Alaskan Bycatch By The Numbers

What is bycatch? For the uninitiated, it’s when a fisherman catches a fish species they didn’t intend to or, in the case of factory fishing vessels, can’t sell and have to discard. According to NOAA’s website, “Bycatch is a complex, global issue that threatens the sustainability and resiliency of our fishing communities, economies, and ocean ecosystems.”
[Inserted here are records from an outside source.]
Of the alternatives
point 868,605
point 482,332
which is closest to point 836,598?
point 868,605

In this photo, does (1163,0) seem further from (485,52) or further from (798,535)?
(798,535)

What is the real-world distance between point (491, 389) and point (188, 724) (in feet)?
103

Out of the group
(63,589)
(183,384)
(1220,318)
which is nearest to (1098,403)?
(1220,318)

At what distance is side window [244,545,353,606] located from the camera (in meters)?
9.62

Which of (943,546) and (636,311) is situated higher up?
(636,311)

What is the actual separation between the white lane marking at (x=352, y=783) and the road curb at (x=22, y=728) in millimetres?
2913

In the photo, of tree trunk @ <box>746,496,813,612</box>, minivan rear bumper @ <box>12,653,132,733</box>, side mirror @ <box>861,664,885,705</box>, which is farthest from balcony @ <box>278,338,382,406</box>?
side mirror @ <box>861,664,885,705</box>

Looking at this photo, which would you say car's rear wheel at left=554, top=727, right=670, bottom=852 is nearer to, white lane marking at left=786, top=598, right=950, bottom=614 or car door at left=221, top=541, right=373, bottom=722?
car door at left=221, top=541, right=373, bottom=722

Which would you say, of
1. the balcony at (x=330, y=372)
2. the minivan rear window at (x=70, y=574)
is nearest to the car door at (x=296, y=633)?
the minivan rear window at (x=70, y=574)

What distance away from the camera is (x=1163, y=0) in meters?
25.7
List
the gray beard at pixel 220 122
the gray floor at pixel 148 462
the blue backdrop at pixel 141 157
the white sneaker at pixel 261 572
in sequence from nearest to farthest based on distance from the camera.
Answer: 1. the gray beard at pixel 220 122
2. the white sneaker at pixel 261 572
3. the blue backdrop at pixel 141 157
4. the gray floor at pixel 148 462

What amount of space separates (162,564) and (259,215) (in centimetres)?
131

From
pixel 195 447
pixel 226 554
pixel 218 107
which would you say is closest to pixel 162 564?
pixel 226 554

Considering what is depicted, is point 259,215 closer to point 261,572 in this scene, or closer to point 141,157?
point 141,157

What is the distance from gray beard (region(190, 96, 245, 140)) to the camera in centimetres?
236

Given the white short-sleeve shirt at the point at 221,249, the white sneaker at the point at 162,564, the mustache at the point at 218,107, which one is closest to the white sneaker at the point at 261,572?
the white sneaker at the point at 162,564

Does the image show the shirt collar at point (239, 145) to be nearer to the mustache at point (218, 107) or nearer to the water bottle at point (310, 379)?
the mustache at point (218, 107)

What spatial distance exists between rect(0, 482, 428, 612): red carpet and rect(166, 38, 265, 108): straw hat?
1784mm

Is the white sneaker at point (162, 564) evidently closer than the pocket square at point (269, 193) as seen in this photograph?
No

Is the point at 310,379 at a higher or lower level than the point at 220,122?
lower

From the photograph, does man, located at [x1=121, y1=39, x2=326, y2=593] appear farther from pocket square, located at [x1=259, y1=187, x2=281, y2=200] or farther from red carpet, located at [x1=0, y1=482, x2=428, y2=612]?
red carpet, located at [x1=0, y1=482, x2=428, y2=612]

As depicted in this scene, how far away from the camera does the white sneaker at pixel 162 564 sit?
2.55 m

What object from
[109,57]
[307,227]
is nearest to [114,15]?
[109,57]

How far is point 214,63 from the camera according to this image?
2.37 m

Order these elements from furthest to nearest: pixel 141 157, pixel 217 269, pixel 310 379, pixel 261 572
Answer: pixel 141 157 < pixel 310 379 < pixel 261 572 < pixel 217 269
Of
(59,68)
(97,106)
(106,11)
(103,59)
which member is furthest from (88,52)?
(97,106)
The group of commercial trawlers in Alaska, what I call “Big Trawl,” produce millions of pounds of bycatch each season. We’re talking wasted and dead iconic gamefish such as halibut and salmon, species that have enormous economic value to local communities and recreational anglers.

FACT: Since 1991, 1,774,800 king salmon have been documented as trawl bycatch in Alaska. To break it down further, 1,117,800 of those fish came from the Bering Sea/Aleutian Islands (BSAI) and 657,000 of them came from the Gulf of Alaska (GOA). This data was compiled from weekly bycatch reports.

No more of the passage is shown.